4.Diagnosis of acute simple laryngitis
Acute simple laryngitis can be initially diagnosed based on symptoms and examination, but should be differentiated from laryngeal tuberculosis, measles laryngitis, etc. Acute laryngitis in children can be initially diagnosed based on their medical history, season of onset and unique symptoms, such as hoarseness, laryngeal wheezing, barking cough sounds, and inspiratory dyspnea. Indirect laryngoscopy is feasible for larger children who can cooperate. If available, television fiberoptic laryngoscopy can be performed to observe the laryngeal mucosa and vocal cord activity in the awake, natural state. Oxygen saturation monitoring is also useful for diagnosis. It should be differentiated from tracheobronchial foreign body, pediatric laryngospasm, congenital laryngeal diseases, etc. In addition, attention should be paid to differentiate from the laryngeal manifestations of laryngeal diphtheria, measles, chicken pox, whooping cough, scarlet fever, and mumps.
5. Treatment of acute simple laryngitis
(1) Early use of broad-spectrum adequate antibiotics, congestion and swelling is significant with the addition of glucocorticoids. The key to the treatment of acute laryngitis in children is to lift the laryngeal obstruction, early use of effective, adequate antibiotics to control the infection. At the same time, glucocorticoids are given, commonly prednisone orally, 1~2mg/(kg?d); dexamethasone intramuscularly or intravenously 0.2~0.6mg/(kg?d).
(2) Administration of oxygen, antispasmodic, sputum, keep the respiratory tract unobstructed Oxygen can be administered by ultrasonic nebulized inhalation with water oxygen or through the nose. In the early stage of mucosal dryness, add peppermint, compound benzoin anhydride, etc. 0.04% Diquantinium chloride (Daphne Lalu) aerosol spray. If there is dry crust or pseudomembrane and mucous secretion under the vocal fold and dyspnea cannot be relieved by the above treatment, it can be aspirated or clamped out under direct laryngoscopy.
(3) Vocal fold rest No or little articulation.

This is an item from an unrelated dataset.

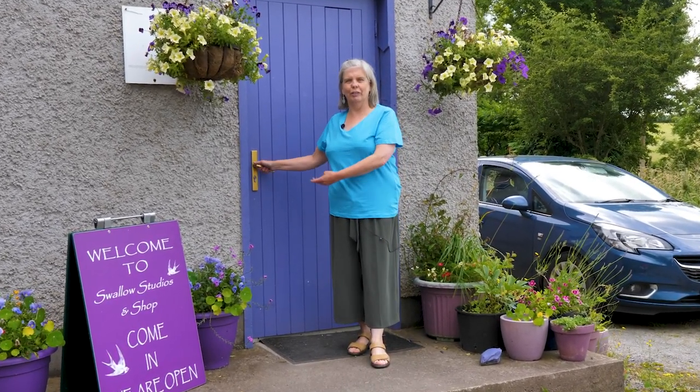Hi, I'm Louise Lockman. You're very welcome to Swallow Studios. Why don't you come on in?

(4) Nursing and systemic support therapy Adjust room temperature and humidity at any time, keep indoor air circulation, drink more hot water, pay attention to smooth bowel movement, avoid smoking and alcohol, etc.
(5) Strengthen monitoring and supportive therapy for critically ill children, pay attention to systemic nutrition and water-electrolyte balance, protect cardiopulmonary function, and avoid acute cardiac insufficiency.
(6) Rest quietly and reduce crying to lower oxygen consumption of the child.
(7) If severe laryngeal obstruction or laryngeal obstruction is not relieved after drug treatment, tracheotomy should be performed in time.
6. Prognosis of acute simple laryngitis
The prognosis of acute simple laryngitis is generally good and rarely causes laryngeal chondromyelitis, cartilage necrosis and laryngeal abscess. In acute laryngeal obstruction degree II, the breathing should be closely observed and prepared for tracheotomy, and in degree III, tracheotomy can be considered. Active treatment of acute laryngitis is the key to prevent it from becoming chronic. Breastfeeding for young children is an important protective measure. Prevent colds and flu, and treat acute laryngitis promptly if it occurs. The prognosis is generally good.